Tuesday, November 15, 2005

Heading South for Continuing Education
On Building a Healthy Media Community

I'm headed back to Raleigh-Durham, North Carolina today for part 2 of my continuing education on building regional media community. My friend Anton Zuiker has helped organize a
Blogger Bash for the Research Triangle area, yet the latest iteration of their unfolding conversation. In February, I went down for the Triangle Bloggercon, which was splendid.

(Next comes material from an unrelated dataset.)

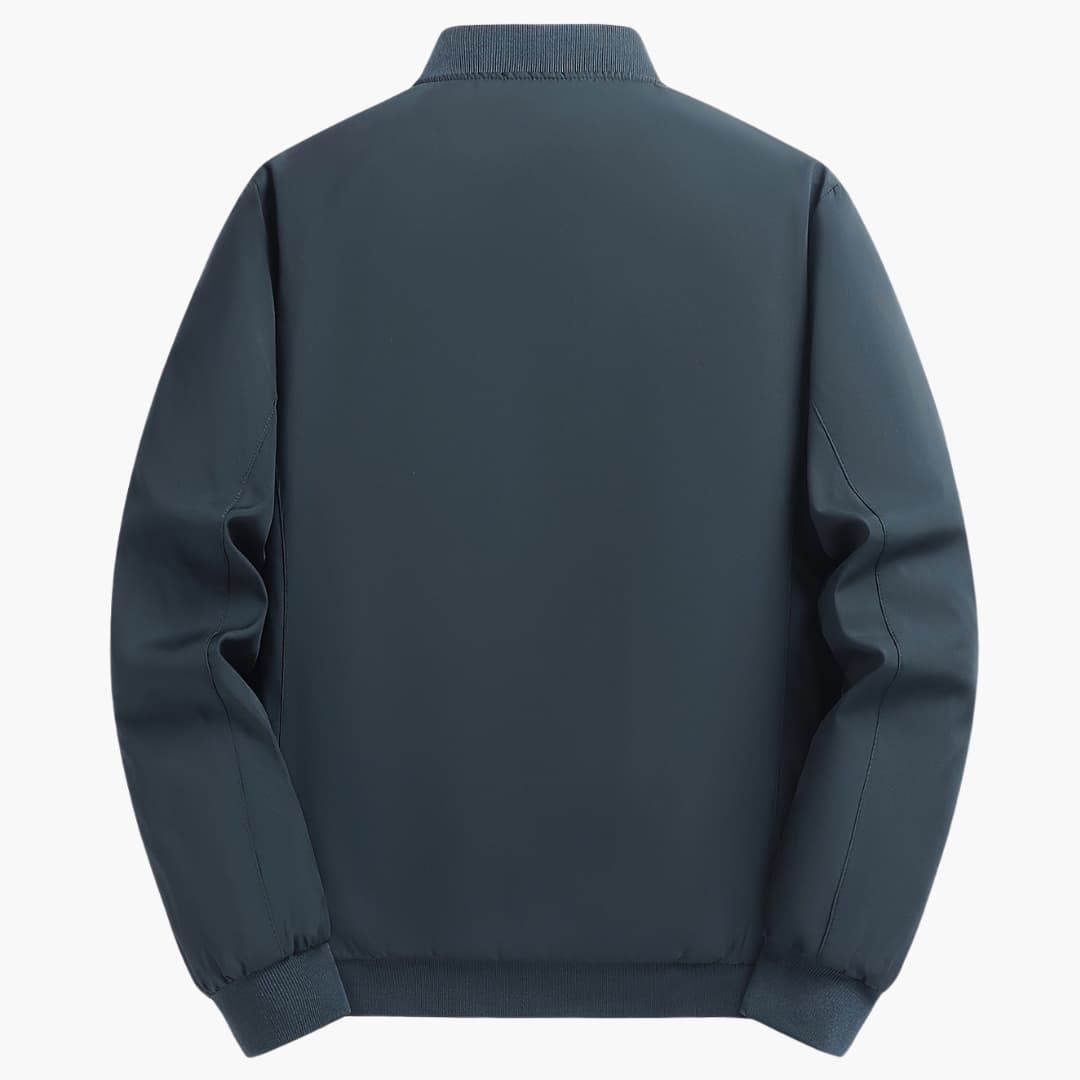 Moderne Fleecejacke Bequem & Stilvoll - IdealeKleiden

Anton's extraordinary vision--about journalism, the web, citizens media and more--is a crucial component of that region's success in building community among media and storytellers (you can learn more about some of the converging threads he helps spearhead at his virtual community
portal, Blog Together). But he's hardly alone--the Research Triangle is home to an extraordinary collection of national-class resources when it comes to new media. There's former journalist Henry Copeland, for one, whose Blogads is at the forefront of creating a business model for bloggers. And there's Ed Cone, a nationally known blogger (and a really wonderful guy, as well) who is also a newspaper columnist. And there's the local paper, which has attracted attention from the entire newspaper industry for its hyperaggressive move into blogging and citizens media.

And there is a smart and personable serial entrepreneur, Bob Young, a co-founder of Red Hat (which helped make Linux open-source software more widely available), who is now trying to do the same for print-on-demand book publishing with his excellent Lulu.com platform (he sprung for donuts and coffee for 250 people in February, no small contribution). And there is both a journalism school and library sciences school at UNC Chapel Hill that are at the forefront of trying to understand where things are going in digital information. And there is an extraordinarily smart and personable academic named Paul Jones who somehow manages to be friend, mentor and model to Anton even as he is positioned at the intersection of digital technology, publishing and library sciences (his Ibiblio is impossible to describe briefly. I suggest you go there and look around for yourself). In short, this area has elements that are not easily replicable elsewhere. But that's not to say we can't learn from the best, and adapt whatever parts make sense, while we wing the rest.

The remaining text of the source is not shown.